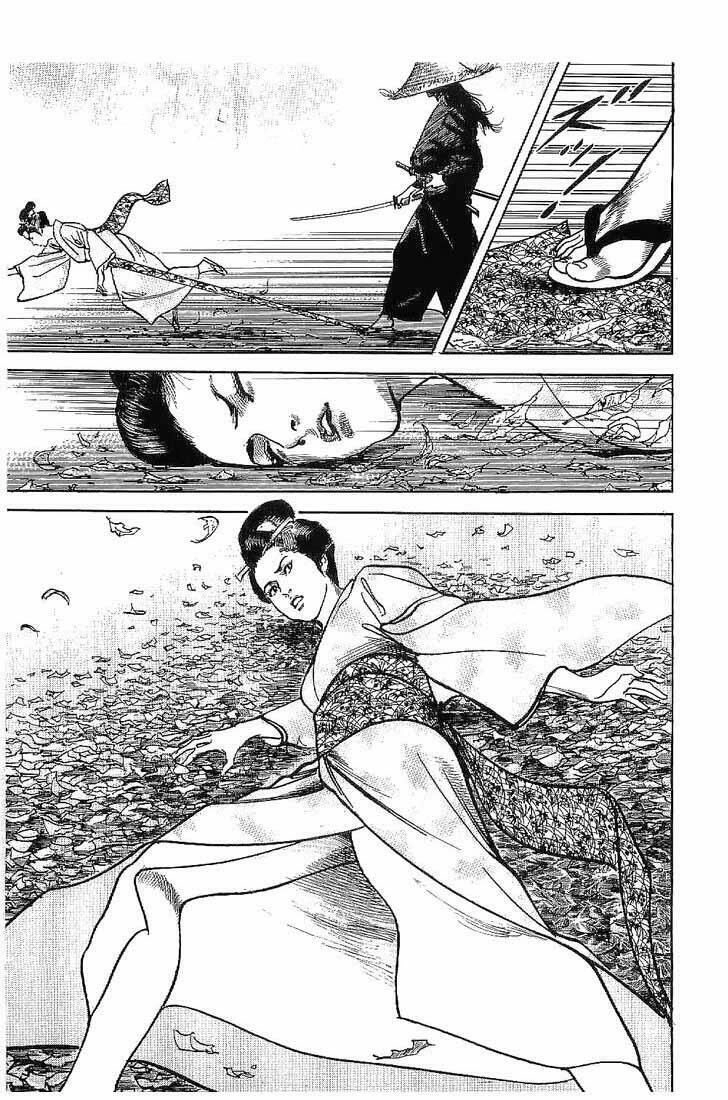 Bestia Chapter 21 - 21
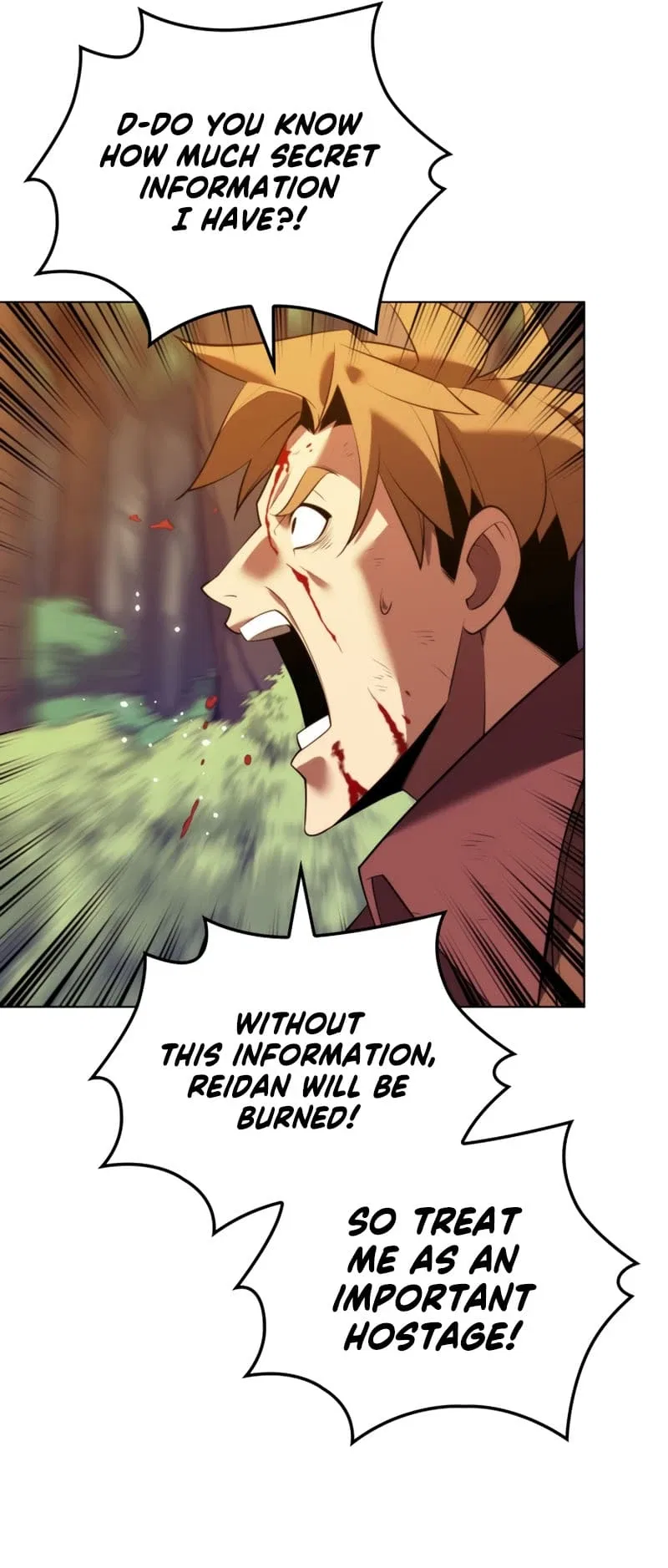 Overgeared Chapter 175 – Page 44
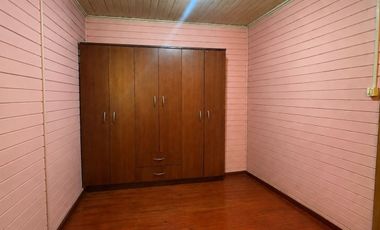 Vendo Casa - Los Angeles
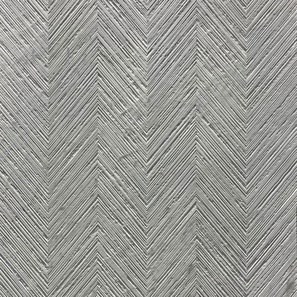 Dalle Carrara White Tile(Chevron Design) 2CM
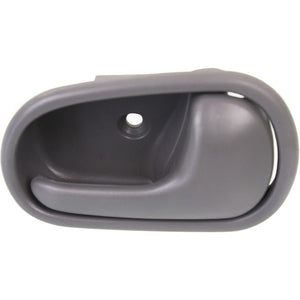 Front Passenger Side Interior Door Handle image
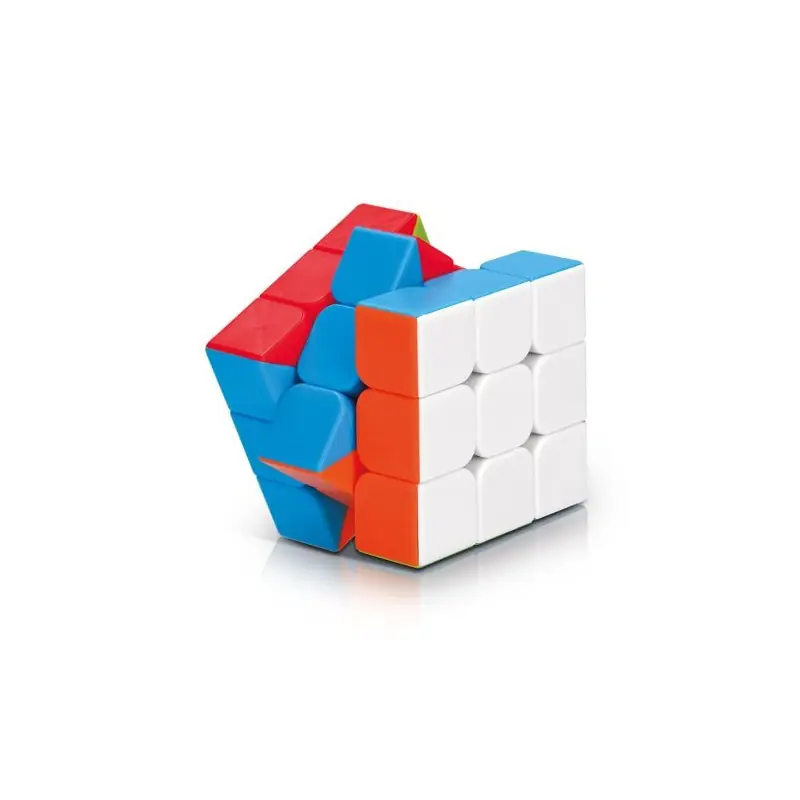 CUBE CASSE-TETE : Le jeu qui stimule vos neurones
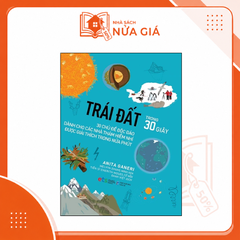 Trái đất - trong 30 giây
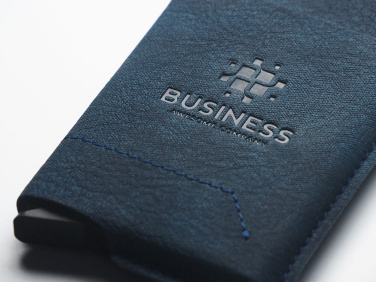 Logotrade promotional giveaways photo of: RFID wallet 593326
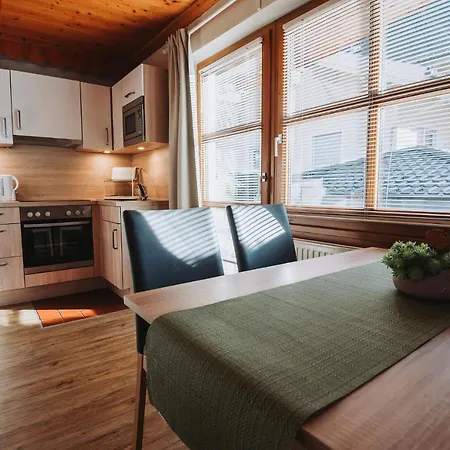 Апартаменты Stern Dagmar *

REQUIRED ACTION ▸
A verbatim copy of the listing, with all pictures removed, is required.

OUTPUT FOR THIS EXERCISE ▸
 Bestia Chapter 21 - 21
 Overgeared Chapter 175 – Page 44
 Vendo Casa - Los Angeles
 Dalle Carrara White Tile(Chevron Design) 2CM
 Front Passenger Side Interior Door Handle image
 CUBE CASSE-TETE : Le jeu qui stimule vos neurones
 Trái đất - trong 30 giây
 Logotrade promotional giveaways photo of: RFID wallet 593326
 Апартаменты Stern Dagmar *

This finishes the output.